The athletics keep my body fit. The academics keep the mind sharp. That’s how I can complete myself within these walls — sharp mind, fit body.
SQN: What is it about The Q that has allowed you to key in on the projects that you’re involved in?
This is the first prison that I’ve been to that’s linked to the greater metropolitan area. These groups offer connections to the community. The inmate community is so mature and like-minded that it makes everything we do so much more accepting than any place I’ve been. This entire environment is focused toward the person, not the skin tone.
Christopher Deragon, 35. Convicted of 1st-degree murder, 26 to life. SQN: How long have you been at the Q?
Almost five years.
SQN: The Chris that arrived here over four years ago was…?
Still somebody caught up in the prison mentality.
SQN: Did sports play a part in changing that?
Yeah, it did. This is the first prison I played interracial sports. When I first I arrived, I wasn’t going to play because it was integrated. However, I came down to the yard every day and watched the practice, and finally my cellie told me, “Just play baseball, who cares?” He was right. I asked myself, “Who cares? If I don’t, who else will?’
SQN: What self-help groups are you involved in?
Impact, Trust, VOEG (Victim Offender Education Group), Real Choices, Alliance for Change; I’m currently the co-leader for the Education Department. I’m in charge of all the inside and outside facilitators, and making sure that the curriculum is run correctly.
SQN: What does it feel like to be a student-athlete?
It’s a challenge because you have to manage your schedule at the Q. I have a full-time job, plus I out-count from three to five. I have Real Choices, which is youth diversion. Therefore, I get kids to focus on. Trying to find time to play baseball is difficult, but being able to break those barriers to play with someone without looking at the color of their skin is powerful in this prison environment. As an athlete, it opens the rest of my life to see people the same way.
Marvin Cosby, 39. Convicted of three attempted first-degree murders, three life terms, plus 24 years. SQN: What sports have you played since being here at SQ?

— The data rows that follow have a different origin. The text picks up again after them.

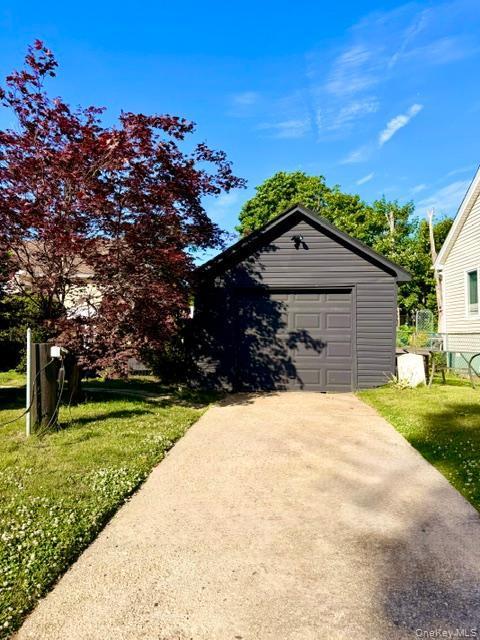 Single Family Elinor Place  Nassau County, NY 11520, MLS-1017030-19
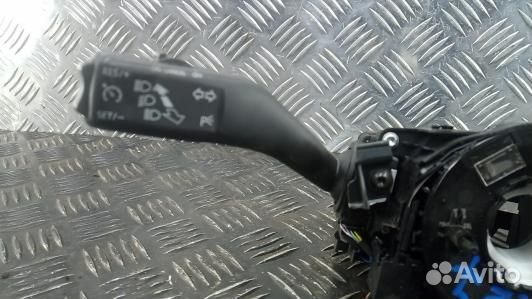 Переключатель поворотов и дворников (стрекоза) skoda rapid (BNK27Q801)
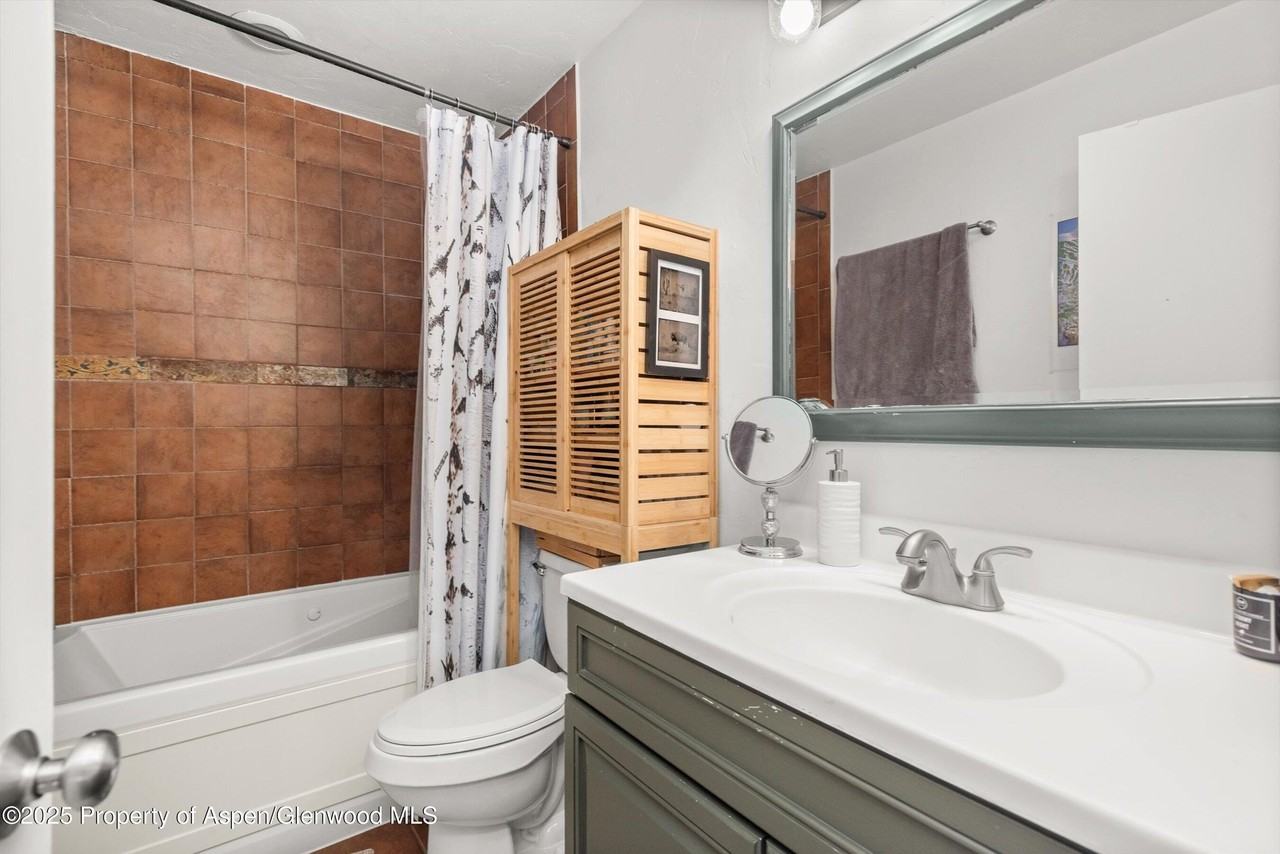 326 Midland Ave Unit 308 - Photo 4 of 11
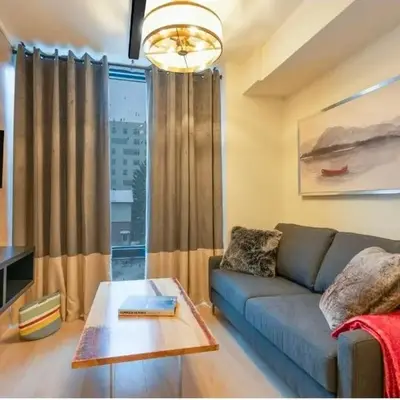 Cozy 2BD Near UW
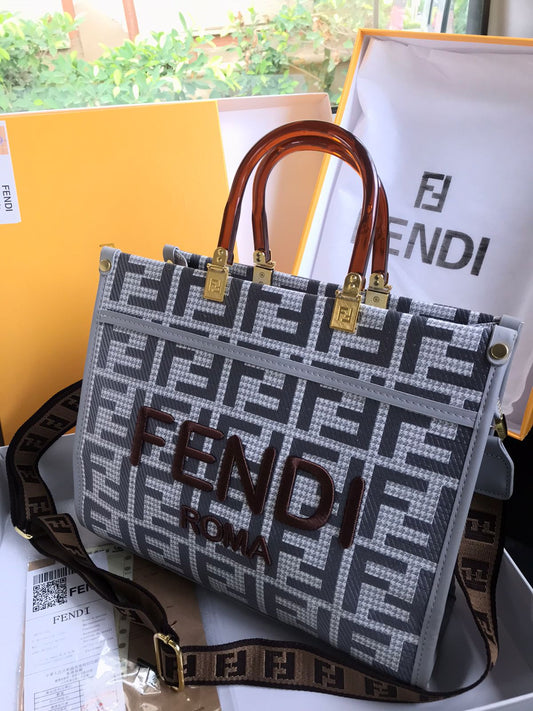 FENDI WOMAN BAG (with brand box)(brand card)(brand dust cover)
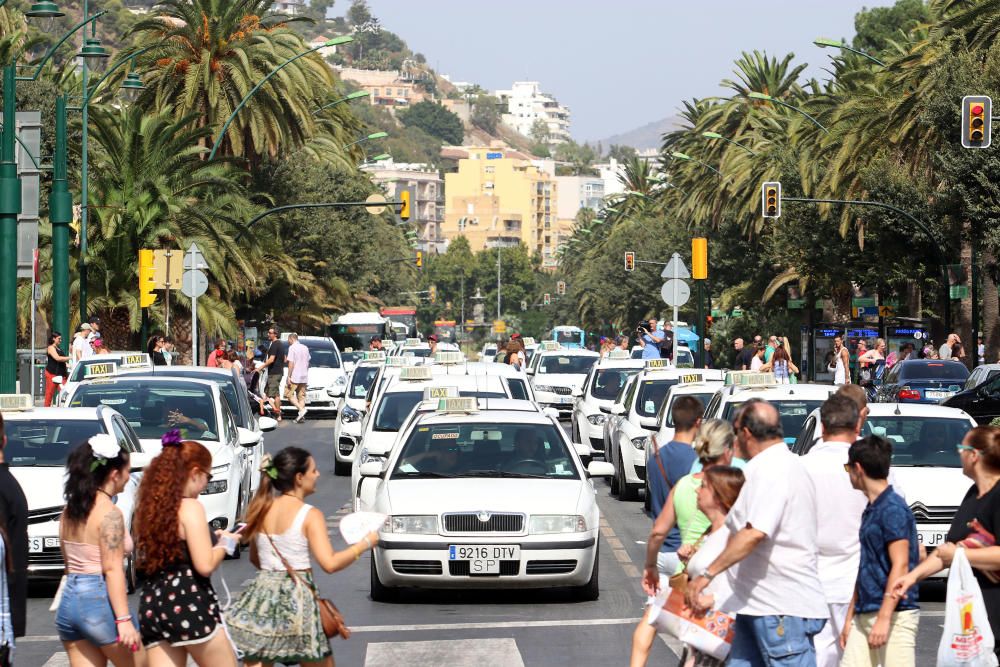 Manifestación de taxistas contra Cabify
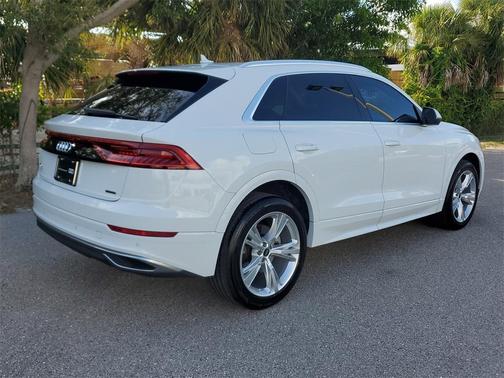 2023 Audi Q8 55 Premium
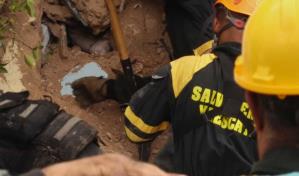 Rescate en curso tras colapso de edificio en La Habana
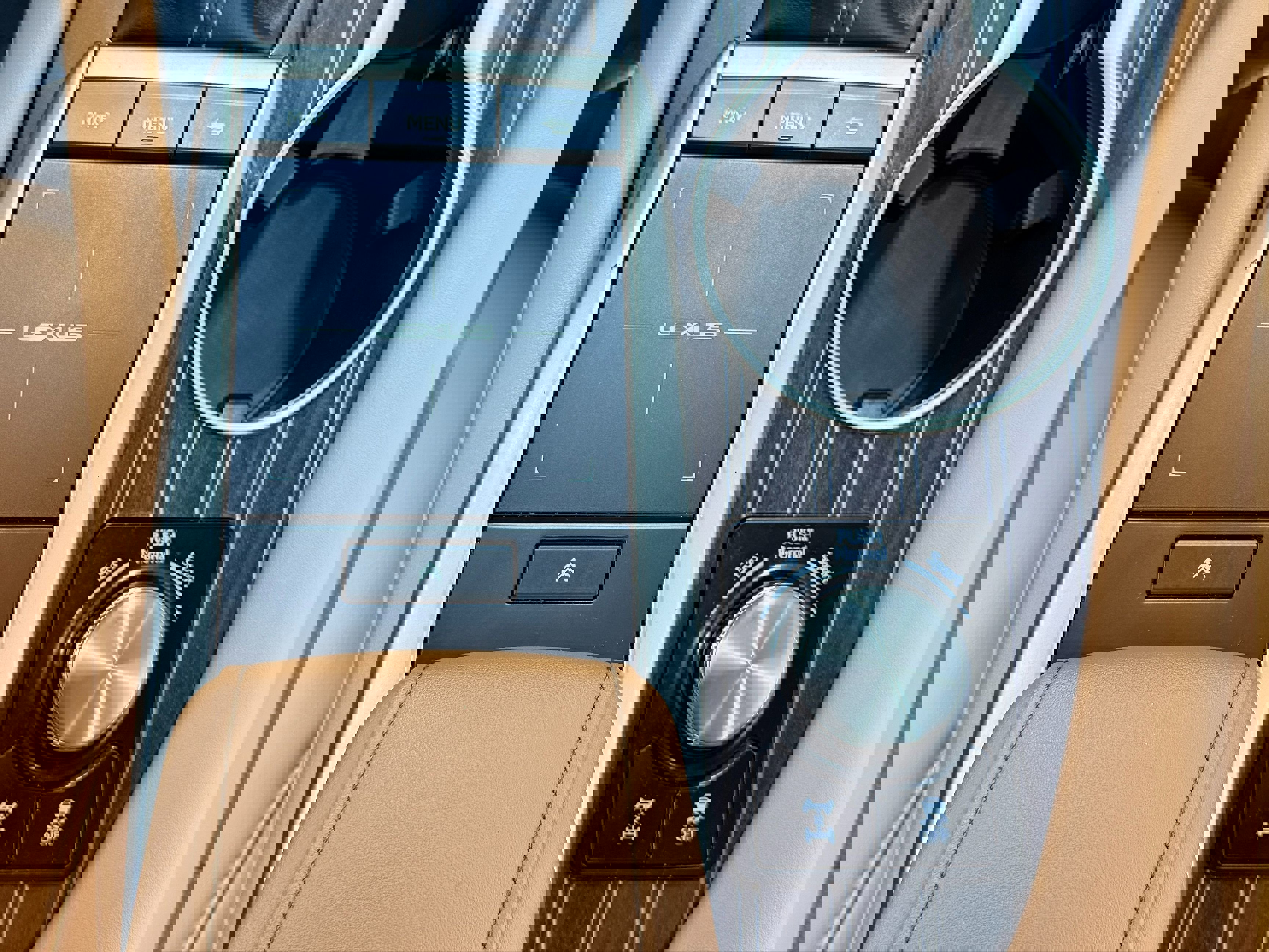 Used 2022 Lexus RX 350 AWD w/ Luxury Package image 26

I’m an original All-Madden flag football player, for two seasons; I played with the S.Q. Warriors, three seasons; Intramural League, two seasons.

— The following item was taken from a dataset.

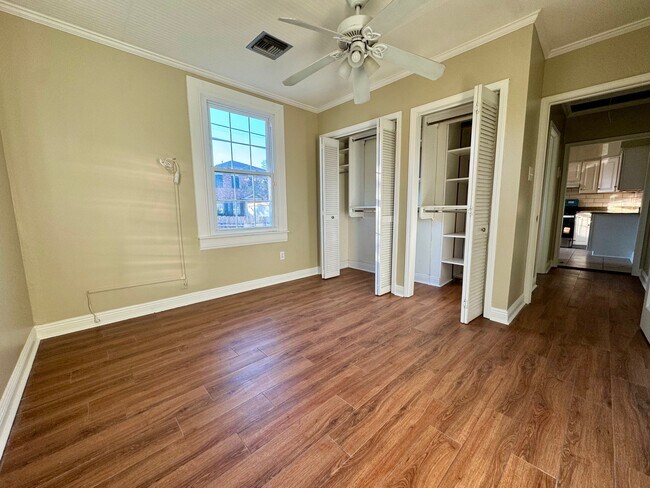 Building Photo - 1822 Homer St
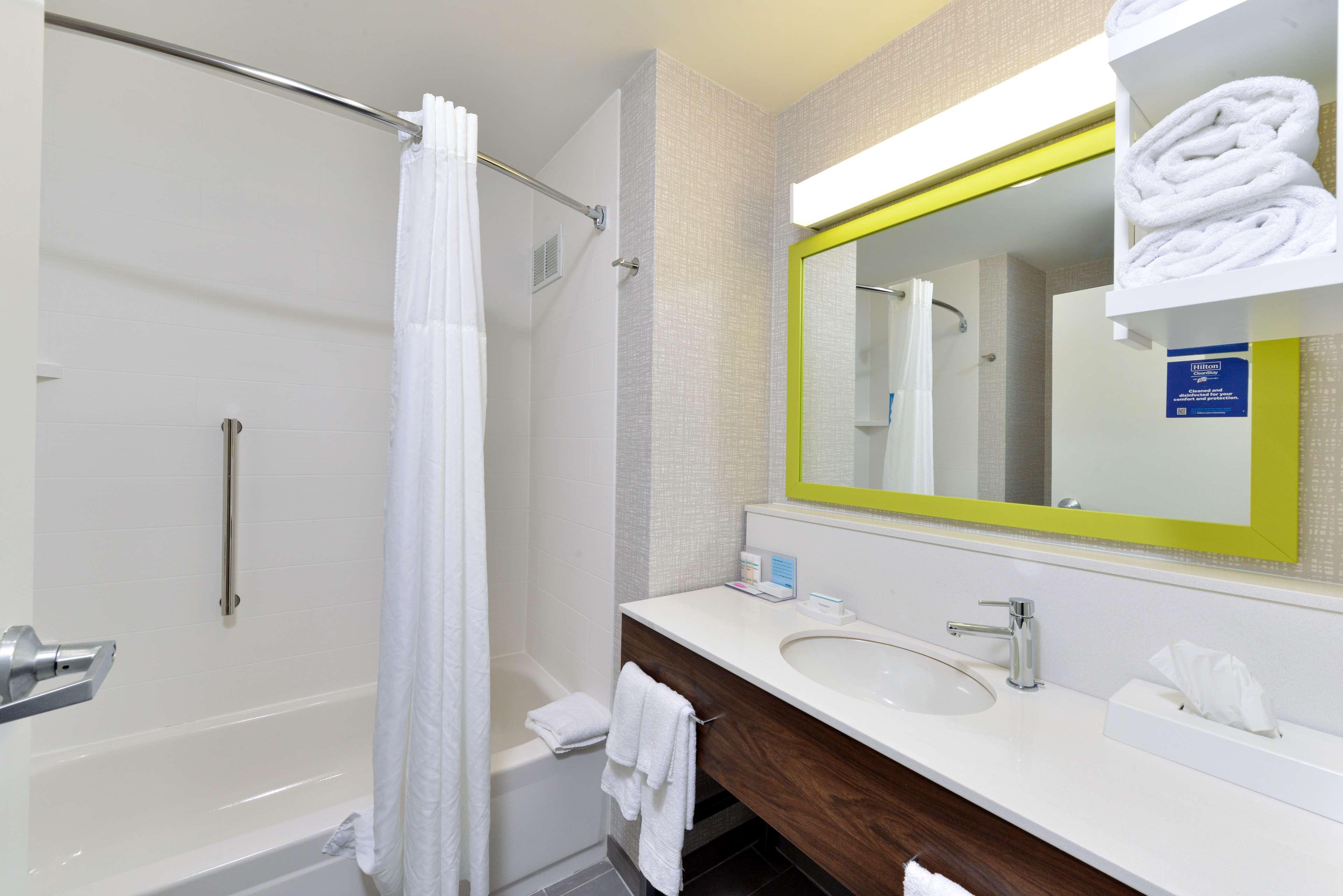 Double Two Queen Beds Non Smoking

SQN: What self-help groups have you taken part in?
CGA (Criminals and Gangsters Anonymous) and AA/NA.
SQN: So, being at The Q is unique in the area of groups.
Well, the variety of groups helps you in many ways. They teach how to take the road to become a man.

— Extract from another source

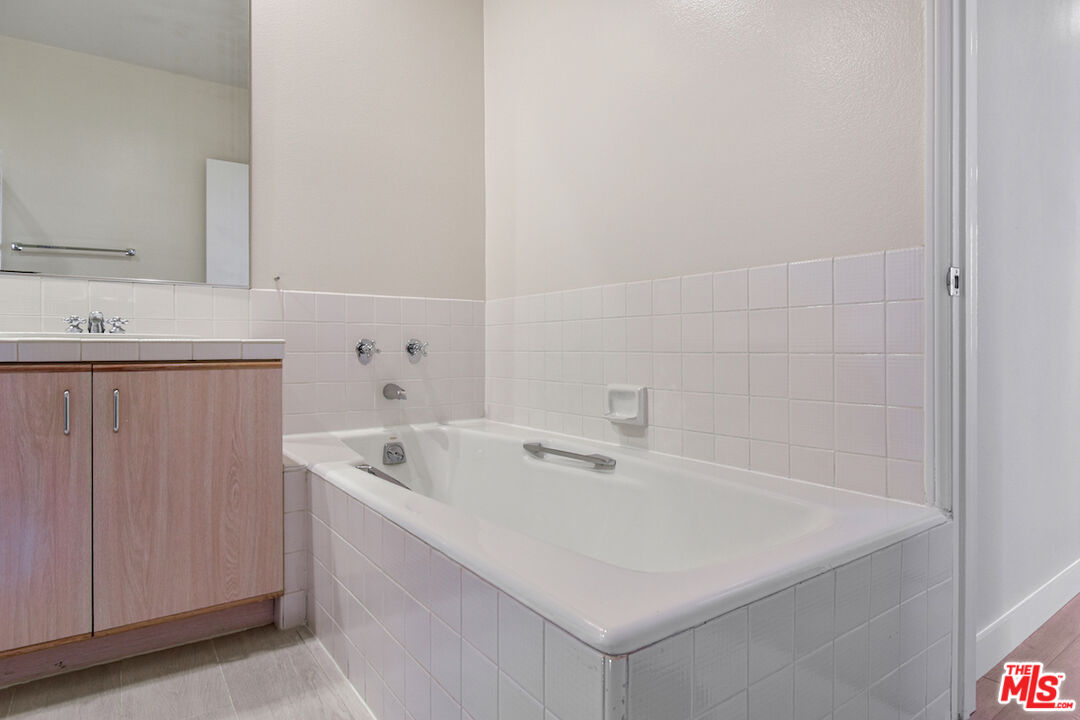 5350 White Oak Ave Unit: 408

SQN: You had a health issue that took you off the court; how do you teach the game to the players on the current Warriors team?
It’s dealing with adversity. Sometimes you have to turn a negative into a positive; it’s not all about the offense, it’s the defensive side of the game, staying focused, but most importantly, having fun. If you play hard, you can get good results.
SQN: How does that transfer over into life skills?
Well, it’s a team sport. You have to learn to coexist with other people. Sometimes, teammates are hard to get along with. Playing basketball teaches you how to acquire that team mentality.
Andrew Vance, 37; 2nd-degree murder – 15 to life. SQN: How long have you been involved in sports in general?
Since I was 7 years old — started with soccer at 7 … Little League at 10; no football, but playing basketball my whole term, since High Desert, 2000.
SQN: What programs have you been involved with since your arrival at The Q?
Anger Management with Dr. Richmond, AA, ARC – Addiction Recovery Counseling, GRIP alumni, and a facilitator for GRIP
SQN: Which group has had the most profound impact on you as a person?
GRIP and ARC, one for substance abuse and the other for anger, finding your authentic self.
SQN: You also play the guitar.
Yes, since the age of 12.
SQN: Do you find any therapeutic value in music overall?
Yes I do. Playing guitar can be mood-altering — soothing to an angry state, soothing to someone with heartbreak — very inspiring. It can make you feel like you achieved goals along the way.
SQN: Tell the people what it means to be, in your mind, “rehabilitated.”
CDCR didn’t rehabilitate me; I had to start with myself. What The Q did was offer the opportunity to take it upon myself to find the avenues of rehabilitation.